When you repeat the material, keep each line exact and omit the pictures.

- [STORED DATA]:
========

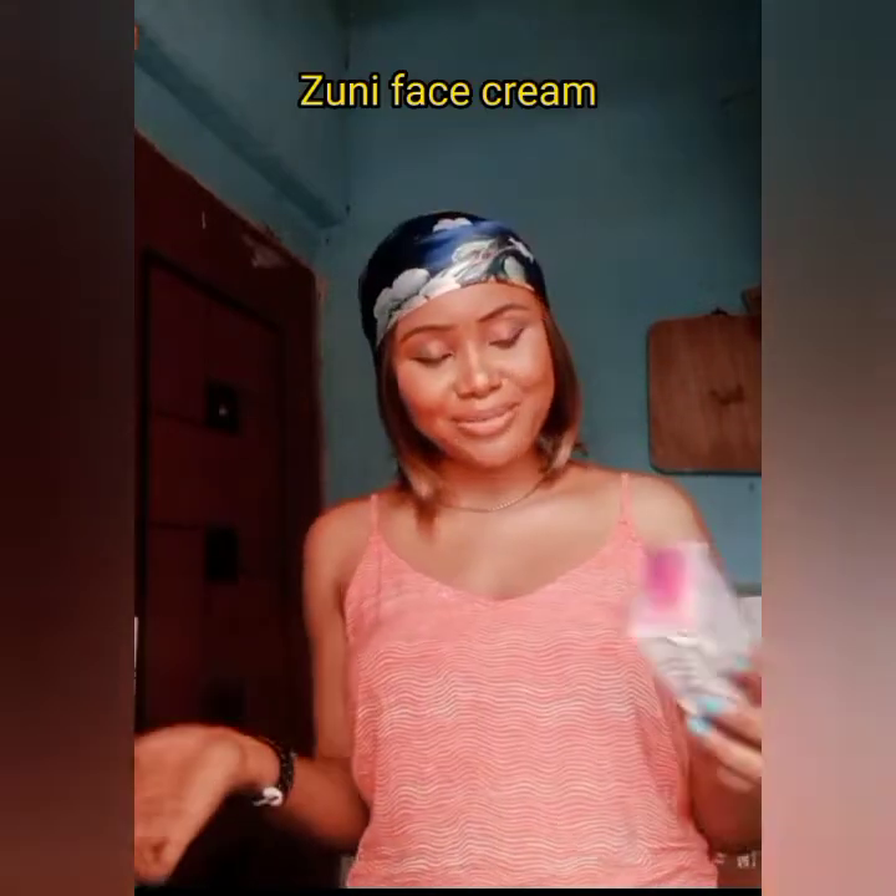So the first face cream we'll be talking about is this one. Let me get it. Okay, this is what it looks like. This is called Zuni Face Cream. This is a very, very good face cream. I'm currently using it — I just got it. I have acne, like triple acne, so I decided to get this.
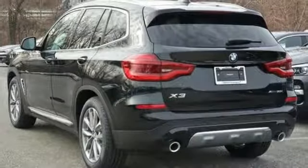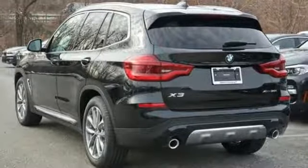BMW is adrenaline unleashed. Driving is believing. Test drive it today.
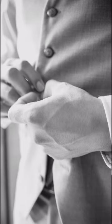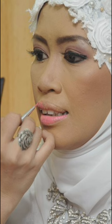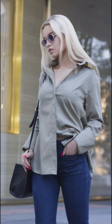Back then, when the clothing industry started, men simply dressed themselves, while wealthy women used to have maids to dress them. And since the majority of the human population is right-handed, to make things easy, the buttons were placed on the left.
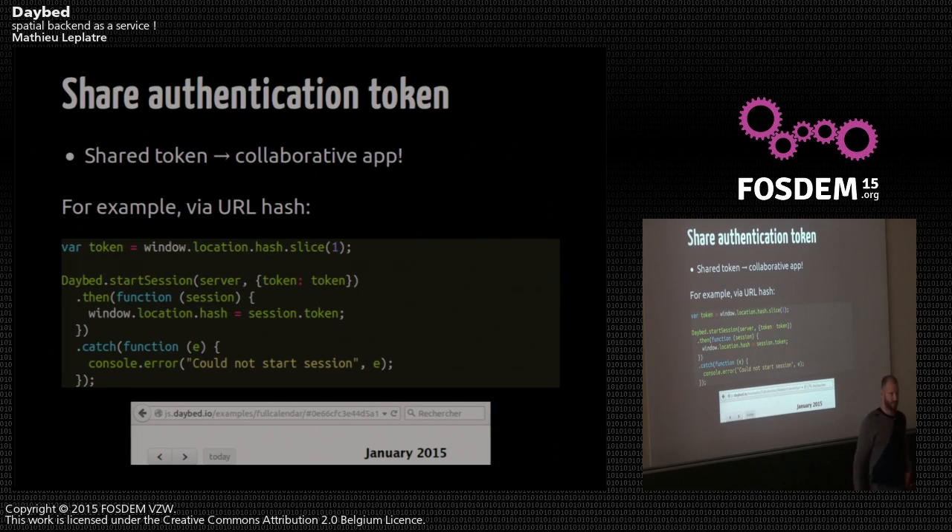To build collaborative applications, you will have to share your credentials — like your user ID and stuff, or your permissions. To do that, we use a token system. A very simple way to share tokens between friends or collaborators is to put them in the URL. In this example, I take the token from the URL, start the session using this token, and that's it — I'm connected with those credentials and can get specific permissions using that token. It's a very easy system to build collaborative applications.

========

- [RESPONSE TO THE EXERCISE]:
So the first face cream we'll be talking about is this one. Let me get it. Okay, this is what it looks like. This is called Zuni Face Cream. This is a very, very good face cream. I'm currently using it — I just got it. I have acne, like triple acne, so I decided to get this.
BMW is adrenaline unleashed. Driving is believing. Test drive it today.
Back then, when the clothing industry started, men simply dressed themselves, while wealthy women used to have maids to dress them. And since the majority of the human population is right-handed, to make things easy, the buttons were placed on the left.
To build collaborative applications, you will have to share your credentials — like your user ID and stuff, or your permissions. To do that, we use a token system. A very simple way to share tokens between friends or collaborators is to put them in the URL. In this example, I take the token from the URL, start the session using this token, and that's it — I'm connected with those credentials and can get specific permissions using that token. It's a very easy system to build collaborative applications.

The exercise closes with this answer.